Australian teachers' college

Kelvin Grove Teachers' College was a teacher education institution in Brisbane, established in 1961 as the successor to the Queensland Teachers' Training College. It later became part of the Queensland University of Technology.

==History==
The Brisbane School of Arts was formed in 1849, although it did not take an interest in formal education until the 1880s.

The Queensland Teachers' Training College was established in 1914 with an initial enrolment of 25 students. In 1918 Jeanette Anne Gilbert joined the staff and was granted a year's leave to obtain a Diploma of Education at the University of Melbourne.

In 1923 the college moved to the former Trades Hall on the corner of Edward and Turbot Streets in Brisbane, where it remained until January 1942. The following month, it relocated to the campus of the North Brisbane Intermediate School at Kelvin Grove. At that time, enrolment had increased to 676 students, most of whom were enrolled in the primary teaching course. The student body had also included 72 mature-aged students recruited to address wartime teacher shortages.

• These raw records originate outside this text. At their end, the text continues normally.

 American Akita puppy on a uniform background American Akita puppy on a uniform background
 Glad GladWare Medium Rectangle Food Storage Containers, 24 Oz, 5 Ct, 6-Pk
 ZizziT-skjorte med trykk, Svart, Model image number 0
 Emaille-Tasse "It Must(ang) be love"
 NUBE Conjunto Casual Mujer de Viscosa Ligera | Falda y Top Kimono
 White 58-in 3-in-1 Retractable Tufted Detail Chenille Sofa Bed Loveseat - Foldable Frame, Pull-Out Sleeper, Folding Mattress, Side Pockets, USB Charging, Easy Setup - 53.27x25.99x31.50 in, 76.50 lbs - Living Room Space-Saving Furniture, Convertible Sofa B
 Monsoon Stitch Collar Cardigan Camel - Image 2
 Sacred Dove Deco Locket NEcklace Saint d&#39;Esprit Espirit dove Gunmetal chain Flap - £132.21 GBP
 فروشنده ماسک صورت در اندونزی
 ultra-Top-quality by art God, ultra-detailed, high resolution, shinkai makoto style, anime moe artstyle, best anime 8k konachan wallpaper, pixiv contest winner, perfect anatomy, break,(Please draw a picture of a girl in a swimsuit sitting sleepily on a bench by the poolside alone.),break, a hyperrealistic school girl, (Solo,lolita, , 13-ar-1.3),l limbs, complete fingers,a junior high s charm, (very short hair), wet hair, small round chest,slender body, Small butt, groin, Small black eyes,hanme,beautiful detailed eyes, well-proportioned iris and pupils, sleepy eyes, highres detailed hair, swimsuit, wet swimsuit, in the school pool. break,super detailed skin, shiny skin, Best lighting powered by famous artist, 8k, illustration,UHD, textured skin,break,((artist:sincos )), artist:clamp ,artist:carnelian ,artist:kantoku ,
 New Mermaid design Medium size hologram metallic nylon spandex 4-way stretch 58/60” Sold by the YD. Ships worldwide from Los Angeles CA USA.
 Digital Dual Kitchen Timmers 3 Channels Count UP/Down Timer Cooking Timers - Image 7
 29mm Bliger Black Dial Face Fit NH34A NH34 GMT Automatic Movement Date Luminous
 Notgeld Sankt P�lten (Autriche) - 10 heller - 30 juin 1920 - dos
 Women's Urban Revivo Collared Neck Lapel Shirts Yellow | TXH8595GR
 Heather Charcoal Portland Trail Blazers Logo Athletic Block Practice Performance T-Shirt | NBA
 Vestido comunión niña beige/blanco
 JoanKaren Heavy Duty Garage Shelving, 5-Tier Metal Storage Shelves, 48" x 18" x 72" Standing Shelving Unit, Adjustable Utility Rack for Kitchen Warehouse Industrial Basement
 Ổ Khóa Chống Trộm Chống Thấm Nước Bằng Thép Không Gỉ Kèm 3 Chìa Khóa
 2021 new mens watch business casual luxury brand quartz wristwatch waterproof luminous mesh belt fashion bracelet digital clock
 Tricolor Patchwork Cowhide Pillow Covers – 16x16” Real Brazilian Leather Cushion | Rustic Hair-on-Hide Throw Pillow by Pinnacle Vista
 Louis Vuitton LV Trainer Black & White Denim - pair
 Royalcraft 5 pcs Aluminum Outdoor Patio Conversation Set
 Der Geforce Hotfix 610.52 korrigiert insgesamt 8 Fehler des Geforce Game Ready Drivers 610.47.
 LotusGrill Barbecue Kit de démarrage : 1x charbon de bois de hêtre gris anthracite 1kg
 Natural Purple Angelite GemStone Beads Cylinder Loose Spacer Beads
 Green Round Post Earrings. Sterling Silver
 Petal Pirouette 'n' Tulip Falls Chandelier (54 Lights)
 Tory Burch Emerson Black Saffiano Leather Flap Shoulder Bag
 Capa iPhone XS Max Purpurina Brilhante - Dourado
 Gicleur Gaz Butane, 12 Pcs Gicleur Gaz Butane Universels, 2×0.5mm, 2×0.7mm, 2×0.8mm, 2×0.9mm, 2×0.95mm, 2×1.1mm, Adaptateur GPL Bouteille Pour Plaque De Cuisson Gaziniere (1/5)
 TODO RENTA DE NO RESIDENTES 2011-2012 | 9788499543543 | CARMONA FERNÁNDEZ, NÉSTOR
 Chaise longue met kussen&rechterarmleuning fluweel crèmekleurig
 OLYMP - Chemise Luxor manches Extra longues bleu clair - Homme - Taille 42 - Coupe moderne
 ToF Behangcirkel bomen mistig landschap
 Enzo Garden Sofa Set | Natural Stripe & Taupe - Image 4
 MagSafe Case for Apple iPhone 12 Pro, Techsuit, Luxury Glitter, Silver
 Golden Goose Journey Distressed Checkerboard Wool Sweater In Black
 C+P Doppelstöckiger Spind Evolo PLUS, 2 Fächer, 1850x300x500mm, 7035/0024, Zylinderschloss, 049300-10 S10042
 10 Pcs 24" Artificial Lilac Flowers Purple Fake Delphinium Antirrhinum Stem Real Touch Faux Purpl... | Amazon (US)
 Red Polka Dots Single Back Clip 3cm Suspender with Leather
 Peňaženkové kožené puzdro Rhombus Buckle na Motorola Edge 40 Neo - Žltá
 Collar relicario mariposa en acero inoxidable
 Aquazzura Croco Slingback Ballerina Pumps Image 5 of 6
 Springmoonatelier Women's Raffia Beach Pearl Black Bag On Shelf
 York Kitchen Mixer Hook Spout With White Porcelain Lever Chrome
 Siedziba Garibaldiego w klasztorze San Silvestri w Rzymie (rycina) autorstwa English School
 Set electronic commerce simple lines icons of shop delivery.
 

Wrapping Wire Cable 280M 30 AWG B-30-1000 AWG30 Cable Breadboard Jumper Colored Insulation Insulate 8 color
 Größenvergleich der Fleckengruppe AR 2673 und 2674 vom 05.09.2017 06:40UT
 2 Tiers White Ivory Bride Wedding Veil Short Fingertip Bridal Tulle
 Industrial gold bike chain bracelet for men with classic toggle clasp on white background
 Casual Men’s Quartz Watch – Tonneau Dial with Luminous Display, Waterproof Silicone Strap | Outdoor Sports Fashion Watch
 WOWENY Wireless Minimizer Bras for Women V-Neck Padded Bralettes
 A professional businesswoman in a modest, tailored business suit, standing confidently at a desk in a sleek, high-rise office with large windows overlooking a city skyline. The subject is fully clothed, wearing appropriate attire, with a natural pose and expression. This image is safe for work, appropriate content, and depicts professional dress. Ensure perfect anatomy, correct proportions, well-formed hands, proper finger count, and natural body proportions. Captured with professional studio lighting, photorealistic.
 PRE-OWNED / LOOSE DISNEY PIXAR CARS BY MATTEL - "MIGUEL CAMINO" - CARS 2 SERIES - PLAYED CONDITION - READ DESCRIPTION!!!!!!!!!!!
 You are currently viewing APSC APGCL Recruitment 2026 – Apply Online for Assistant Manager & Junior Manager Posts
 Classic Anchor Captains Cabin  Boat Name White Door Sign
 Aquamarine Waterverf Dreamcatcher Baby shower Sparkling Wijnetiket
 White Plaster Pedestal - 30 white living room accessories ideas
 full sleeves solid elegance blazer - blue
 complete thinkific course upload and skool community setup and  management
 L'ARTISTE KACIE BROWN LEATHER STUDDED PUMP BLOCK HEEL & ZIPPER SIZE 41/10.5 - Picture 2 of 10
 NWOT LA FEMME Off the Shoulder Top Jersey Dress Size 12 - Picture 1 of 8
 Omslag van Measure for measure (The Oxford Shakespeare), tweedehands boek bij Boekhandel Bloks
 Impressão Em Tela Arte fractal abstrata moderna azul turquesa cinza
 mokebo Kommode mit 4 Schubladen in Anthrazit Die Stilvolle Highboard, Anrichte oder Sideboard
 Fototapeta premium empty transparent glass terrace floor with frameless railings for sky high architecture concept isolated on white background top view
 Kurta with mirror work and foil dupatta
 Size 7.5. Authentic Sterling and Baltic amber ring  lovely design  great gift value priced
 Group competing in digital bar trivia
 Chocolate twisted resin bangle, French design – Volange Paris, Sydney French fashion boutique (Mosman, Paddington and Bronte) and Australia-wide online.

The institution subsequently underwent a series of name changes: Senior Teachers' Training College (1944), Queensland Teachers' College (1950), Kelvin Grove Teachers' College (1961), Kelvin Grove College of Teacher Education (1974), Kelvin Grove College of Advanced Education (1976), Kelvin Grove Campus of the Brisbane College of Advanced Education (1982), and Kelvin Grove Campus of the Queensland University of Technology (1990).

==Notable alumni==
- Fran Bailey
- Major General Michael Fairweather, AM
- Jeanette Anne Gilbert taught here from 1918 to 1944.
- Alan Jones
- Laurie Lawrence, former Australian Olympic swimming coach and Rugby Union international.